Re-POS-itioning debit card

THE days of tapping a debit card on a point-of-sale (POS) device to pay for a glass of teh tarik or a newspaper are drawing closer as Bank Negara Malaysia unveils details of its roadmap for Malaysia’s migration to e-payments.

Next year will see 50,000 POS terminals deployed among the targeted lower-tier merchants to enable customers to make payments using debit cards.

The move is part of a plan that will see the banking industry deploy 570,000 new POS terminals nationwide between 2015 and 2020 (50,000 in 2015; 50,000 in 2016; 100,000 in 2017; 130,000 in 2018; 130,000 in 2019; and 110,000 in 2020).

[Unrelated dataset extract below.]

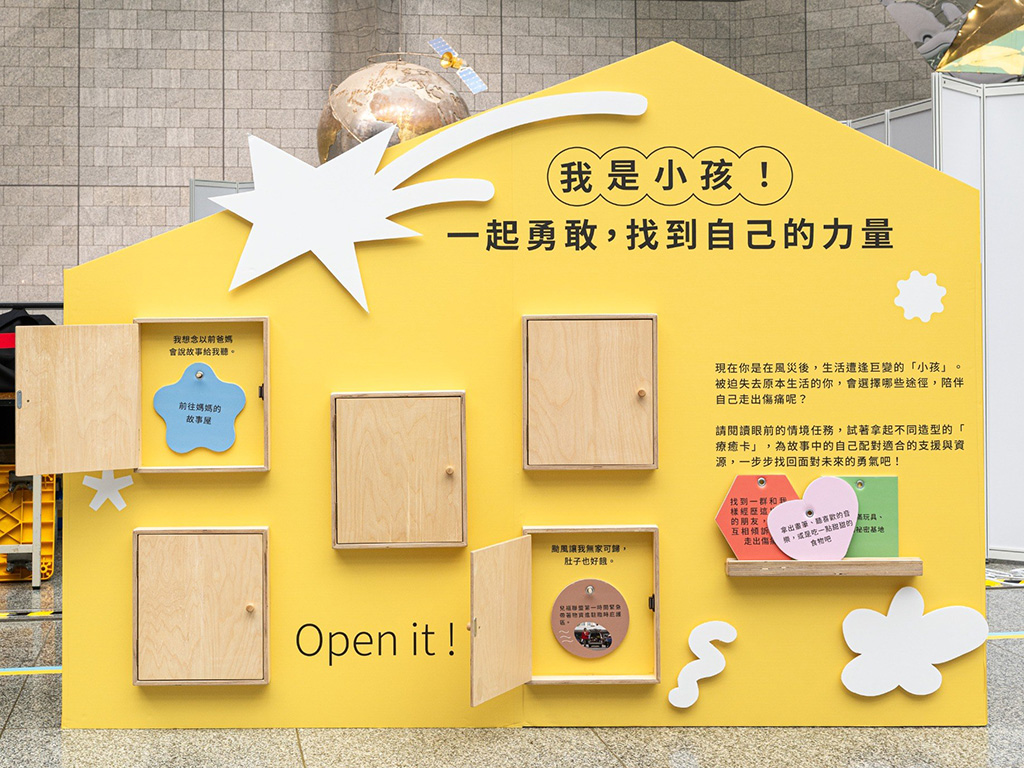 攝影|FRED HUNG STUDIO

“The idea is to widen the acceptance of debit cards among consumers. We will conduct promotional activities to boost debit card use to 89 million transactions in 2015, compared with 65 million transactions this year,” said Bank Negara Malaysia deputy governor Datuk Muhammad Ibrahim at the “Payment System Forum & Exhibition 2014”, here, yesterday.

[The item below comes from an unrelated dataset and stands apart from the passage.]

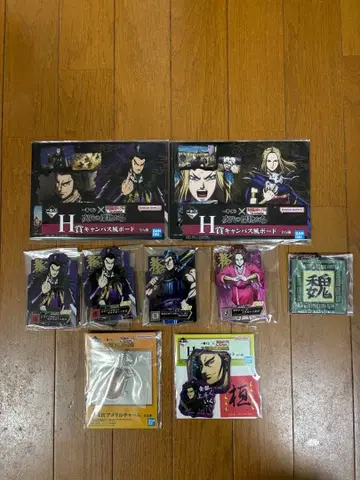 묶음 판매 [ 킹덤 제일복권 ~차세대의 걸물들~ ]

Malaysia’s cash use is high, he said, adding that cash-in-circulation over gross domestic product stood at six per cent last year, compared with between two and four per cent in advanced countries.

Therefore, Malaysia needs to make huge improvements in reducing the nation’s dependency on cash and cheque use, and accelerate adoption of e-payments.

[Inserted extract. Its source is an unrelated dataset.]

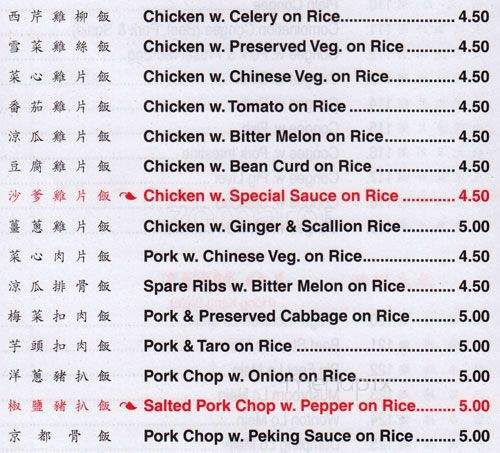 Cheung Wong Kitchen - New York, NY menu_pic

Muhammad said debit card transactions should hit one billion by 2020 under Bank Negara’s five-year Payment Card Reform Framework.

He said the banking industry would benefit from reduction in cost of handling and managing cash, especially as the sector incurs an estimated RM1.8 billion a year in cost for related services, while businesses incur RM2.7 billion in estimated cost annually for cash handling.

AmBank senior vice-president and AmCard services chief executive officer Perry Ong said Malaysia was ideally poised to embrace the culture of making payments via debit cards as each of the 45 million ATM cardholders basically already hold one in his hand.

He said local banks had been issuing ATM cards with debit components to enable them to function as debit cards. On the issue of card security, Muhammad said local payment cards have been chip-based since 2005, when Malaysia implemented an industry-wide migration from the less secure magnetic stripe cards.

As a result, Malaysia’s fraud losses were only 0.01 per cent of the total transaction value, he added.

Meanwhile, e-payments are gaining wider traction with online banking having secured 17 million subscribers.

“To promote infrastructure sharing and reduce cost and enhance online bill payment facilities in Malaysia, there is a Malaysian Electronic Clearing Corporation Sdn Bhd (MyClear) initiative to develop a national bill payment scheme known as JomPAY,” Muhammad said.

He added that customers could use their bank’s online channel to make bill payments but only to those merchants who maintain banking ties with the same bank.